Habrá que cambiar de tema mientras tacho los días del calendario, sólo
son 1423 para Rusia 2018, ni más ni menos (y la cifra me hace pensar en una
posible formación).
Y
nada, las injusticias y los caprichos se dan en todos lados, pero también las
sonrisas. Ahora les sugiero airadamente que me recomienden tema de
conversación. El chiste, dicen
seriamente, es persistir, no claudicar, escribir y escribir, hacerlo bien, entregarse
al texto o de plano no hacerlo y dedicarse a otra cosa. Yo quiero ser necio.
Y
como buen necio, puedo contar la misma anécdota de siempre, la que sólo pienso
y jamás he compartido. Decir en principio, porque sin un buen comienzo no hay
final digno de la memoria, que amanecí en un lugar que no era el mío pero me
sentía de maravilla. Había tanto por ver, por hacer, por probar y recorrer, el
pequeño gran paso, a mi manera; pero me volví y la vi y me perdí y no supe que
fue de mí, pura sonrisa.
Un
día soleado comenzaba, la búsqueda del mercado, los reclamos superados del día
anterior, el preludio de los que estaban por venir, su mano, mis silencios, sus
labios, mi vida, su andar seguro, mi por un segundo de tu tiempo doy el mundo.
Uno
puede describir cada detalle de un día específico, hora por hora, sitio por
sitio, cada mirada y cada abrazo, pero tiene razón, es mejor cuando se vive.

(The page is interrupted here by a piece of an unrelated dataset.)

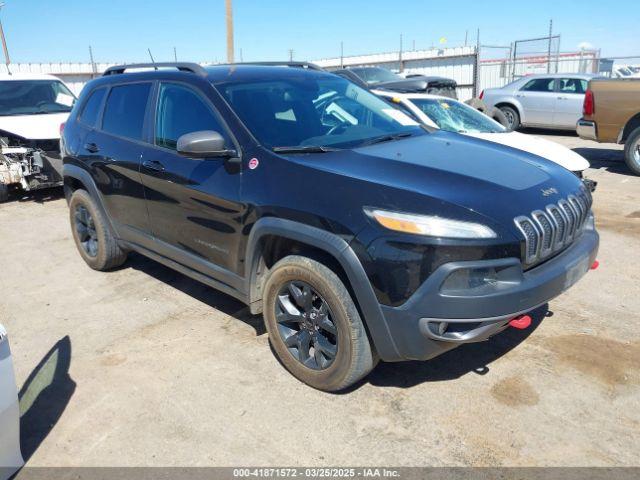  Salvage Jeep Cherokee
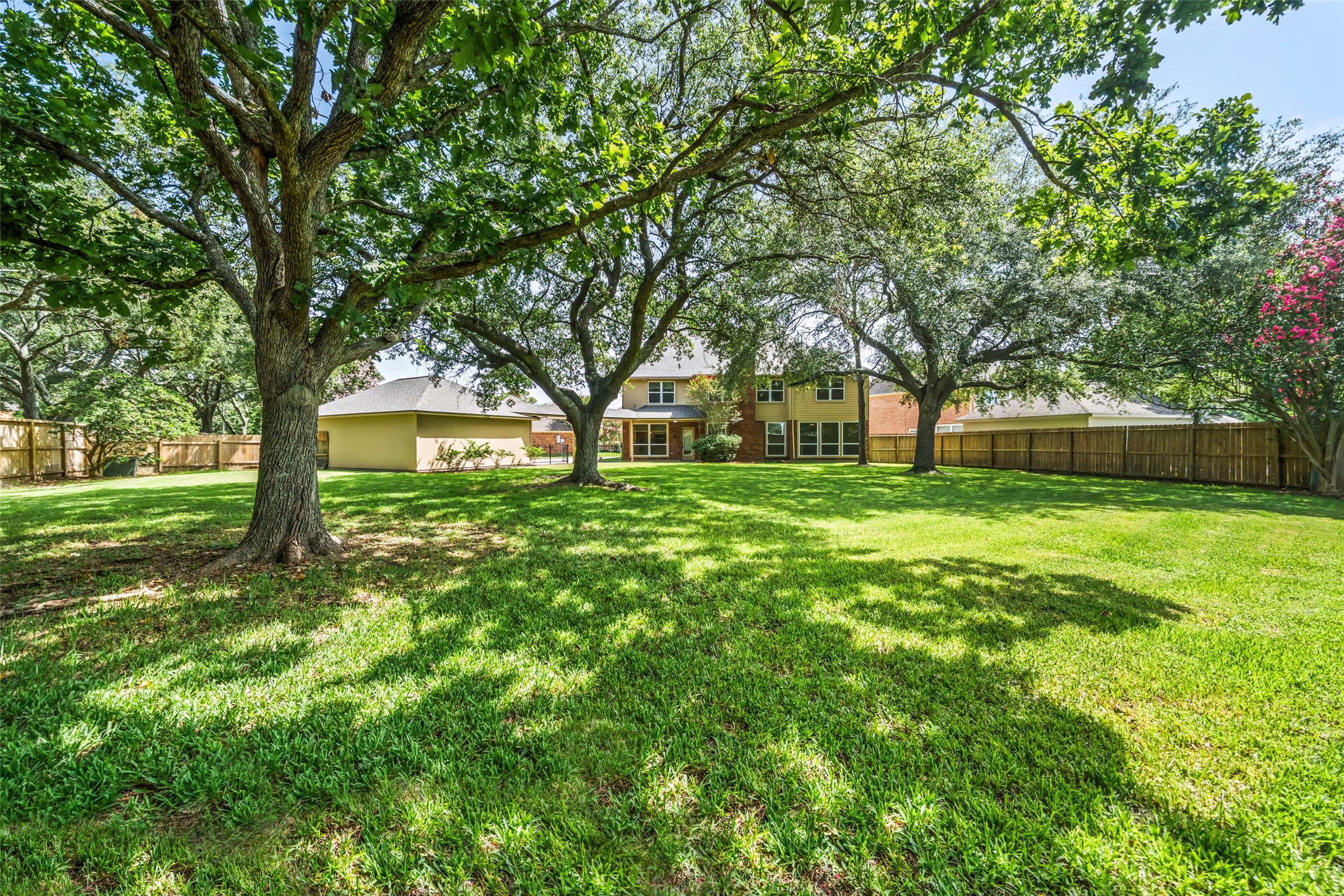 2123 Riverside Drive Property Photo 41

Las palabras suelen no bastar, algo se pierde, desde que el aire despeina su
cabello hasta que yo escribo la primera letra pasa tanto que no es igual. Pero
podría intentar contagiar la maravilla de aquel insecto posado sobre una blusa
exhibida a media calle, insecto desconocido e inmóvil, apenas se puede adivinar
que respira y observa, que se da su tiempo para pensar y maravillarse por el
lugar en el que se encuentra. Se deja observar y nada más le importa, sólo ese
instante en que se sabe vivo y amaga con dar un paso. Pero no se mueve, y lo
observo y ella también, y aquel y tantos más. Es un puesto alejado del bullicio
infaltable en las ciudades, pero nuestro latir lleva ese otro ritmo más
agitado, más apresurado; el insecto está por revelar su secreto, la epifanía
que cambia vidas o las termina, está por dar ese paso que le da sentido a la
existencia… pero no hay tiempo, creemos que no lo hay, volteamos a otro lado,
abandonamos la espera y miramos a nuestro alrededor. De pronto pasa, mis ojos se
cruzan con los de ella, desaparece el insecto, los transeúntes, las blusas, el
sol.
Y el
secreto de la vida deja de importar cuando la vida se posa ante uno, no
importan los cerrojos y misterios, esos ya irán desapareciendo, uno a uno,
cuando la bombilla de la noche se apague.